W niedzielę, 19 października, podczas imprezy "Zamkowe Harce" na zamku w Muszynie można było po raz pierwszy skorzystać z nowych atrakcji - przedmiotów z pogranicza fantastyki i legend. Mowa o Magicznym Zwierciadle oraz Księdze Gwiazd. Wydarzenie było wzbogacone pokazami walk rycerskich, sokolnictwa oraz degustacją potraw regionalnych. Nie zabrakło także transgranicznych akcentów, czyli występów artystów z Polski oraz Słowacji.

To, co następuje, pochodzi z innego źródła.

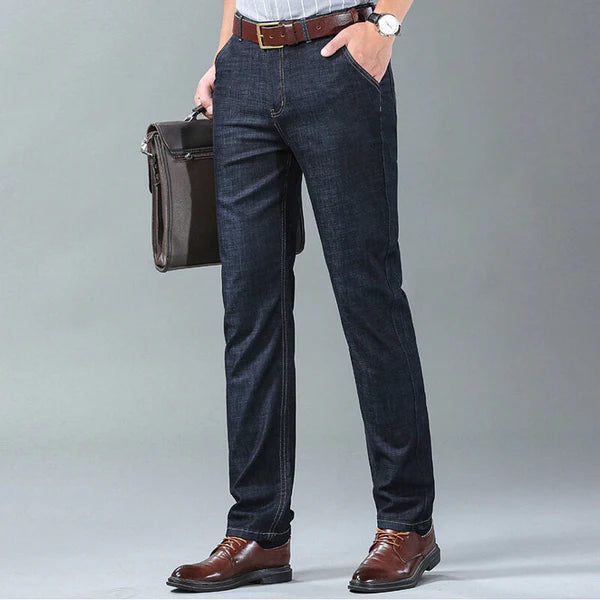 Millanuz Elastic Straight-Leg Jeans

Atrakcje przenoszą w tajemnicy świat legend
Atrakcje, które powstały na zamku w Muszynie oraz hradzie w Starej Lubovni nie tylko z nazwy nawiązuje do Legendy o Magicznym Zwierciadle.
Oto jej treść:
"W czasach, gdy Muszyna była sercem dawnego Państwa Muszyńskiego, a granice z Górnymi Węgrami (obecnie Słowacją) skrywały więcej tajemnic niż ścieżek, muszyńscy harnicy - nieustraszeni strażnicy porządku - usłyszeli o dziwnych zjawiskach w pobliżu Czarnej Młaki. Pewnej, ciemnej nocy, rozświetlonej blaskiem pochodni dało się słyszeć tylko szelest lasu. Dwaj dzielni harnicy Stefan Śniady i Władek Niski, pojmali kobietę, którą miejscowi szeptem nazywali Topielicą. W jej szałasie, zbudowanym na mokradłach i ukrytym wśród drzew, odnaleźli dwa ciężkie, lśniące zwierciadła oraz księgi. Księgi były zapisane symbolami i znakami nie przypominającymi żadnego znanego języka.
Zgromadzenie na zamku w Muszynie długo obradowało nad losem znaleziska. Po długich naradach Starosta postanowił oddać jedno lustro i księgę w ręce Kasztelana na zamku w Starej Ľubovni - jako symbol pokoju i współpracy, ale też w obawie, że przedmioty zgromadzone w jednym miejscu mogą sprowadzać nieznane siły.
Wkrótce stało się jasne, że zwierciadła kryją w sobie moc, której nikt się nie spodziewał. Nie tylko ukazywały ludzi w nieznanych strojach i formach, ale też pozwalały zajrzeć w inne miejsca, oddalone o dni drogi - a nawet spojrzeć w oczy tym, którzy stali naprzeciw drugiego zwierciadła, po drugiej stronie granicy.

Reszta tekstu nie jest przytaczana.